Crawled caption data.
☆ ☆ ☆

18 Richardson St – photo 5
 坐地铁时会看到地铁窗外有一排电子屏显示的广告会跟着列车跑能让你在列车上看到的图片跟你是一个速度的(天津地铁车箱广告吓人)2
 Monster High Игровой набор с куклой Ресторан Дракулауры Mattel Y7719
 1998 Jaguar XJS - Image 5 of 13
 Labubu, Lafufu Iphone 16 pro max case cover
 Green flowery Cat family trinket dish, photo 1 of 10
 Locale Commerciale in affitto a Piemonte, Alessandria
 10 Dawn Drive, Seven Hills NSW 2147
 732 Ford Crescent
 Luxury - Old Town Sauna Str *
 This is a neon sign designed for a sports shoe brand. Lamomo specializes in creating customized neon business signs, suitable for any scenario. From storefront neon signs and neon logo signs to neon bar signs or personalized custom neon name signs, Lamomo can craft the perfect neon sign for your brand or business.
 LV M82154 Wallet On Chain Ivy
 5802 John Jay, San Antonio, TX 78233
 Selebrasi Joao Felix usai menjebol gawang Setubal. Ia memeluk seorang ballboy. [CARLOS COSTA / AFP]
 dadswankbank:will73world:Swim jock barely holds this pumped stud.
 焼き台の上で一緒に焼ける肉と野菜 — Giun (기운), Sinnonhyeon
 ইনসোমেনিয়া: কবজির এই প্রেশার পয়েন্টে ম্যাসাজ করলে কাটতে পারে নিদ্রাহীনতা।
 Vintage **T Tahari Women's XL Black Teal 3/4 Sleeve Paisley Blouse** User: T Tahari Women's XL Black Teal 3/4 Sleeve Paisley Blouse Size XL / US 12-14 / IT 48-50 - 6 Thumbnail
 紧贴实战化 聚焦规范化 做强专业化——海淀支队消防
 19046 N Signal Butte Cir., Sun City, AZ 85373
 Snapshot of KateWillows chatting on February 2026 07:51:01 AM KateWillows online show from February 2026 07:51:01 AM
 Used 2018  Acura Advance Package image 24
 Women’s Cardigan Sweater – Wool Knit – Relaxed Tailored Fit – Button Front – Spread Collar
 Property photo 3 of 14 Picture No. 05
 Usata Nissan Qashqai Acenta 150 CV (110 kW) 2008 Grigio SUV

☆ ☆ ☆

Directions for this task. Could you output every entry above exactly as it stands?

Solution for this exercise.
18 Richardson St – photo 5
 坐地铁时会看到地铁窗外有一排电子屏显示的广告会跟着列车跑能让你在列车上看到的图片跟你是一个速度的(天津地铁车箱广告吓人)2
 Monster High Игровой набор с куклой Ресторан Дракулауры Mattel Y7719
 1998 Jaguar XJS - Image 5 of 13
 Labubu, Lafufu Iphone 16 pro max case cover
 Green flowery Cat family trinket dish, photo 1 of 10
 Locale Commerciale in affitto a Piemonte, Alessandria
 10 Dawn Drive, Seven Hills NSW 2147
 732 Ford Crescent
 Luxury - Old Town Sauna Str *
 This is a neon sign designed for a sports shoe brand. Lamomo specializes in creating customized neon business signs, suitable for any scenario. From storefront neon signs and neon logo signs to neon bar signs or personalized custom neon name signs, Lamomo can craft the perfect neon sign for your brand or business.
 LV M82154 Wallet On Chain Ivy
 5802 John Jay, San Antonio, TX 78233
 Selebrasi Joao Felix usai menjebol gawang Setubal. Ia memeluk seorang ballboy. [CARLOS COSTA / AFP]
 dadswankbank:will73world:Swim jock barely holds this pumped stud.
 焼き台の上で一緒に焼ける肉と野菜 — Giun (기운), Sinnonhyeon
 ইনসোমেনিয়া: কবজির এই প্রেশার পয়েন্টে ম্যাসাজ করলে কাটতে পারে নিদ্রাহীনতা।
 Vintage **T Tahari Women's XL Black Teal 3/4 Sleeve Paisley Blouse** User: T Tahari Women's XL Black Teal 3/4 Sleeve Paisley Blouse Size XL / US 12-14 / IT 48-50 - 6 Thumbnail
 紧贴实战化 聚焦规范化 做强专业化——海淀支队消防
 19046 N Signal Butte Cir., Sun City, AZ 85373
 Snapshot of KateWillows chatting on February 2026 07:51:01 AM KateWillows online show from February 2026 07:51:01 AM
 Used 2018  Acura Advance Package image 24
 Women’s Cardigan Sweater – Wool Knit – Relaxed Tailored Fit – Button Front – Spread Collar
 Property photo 3 of 14 Picture No. 05
 Usata Nissan Qashqai Acenta 150 CV (110 kW) 2008 Grigio SUV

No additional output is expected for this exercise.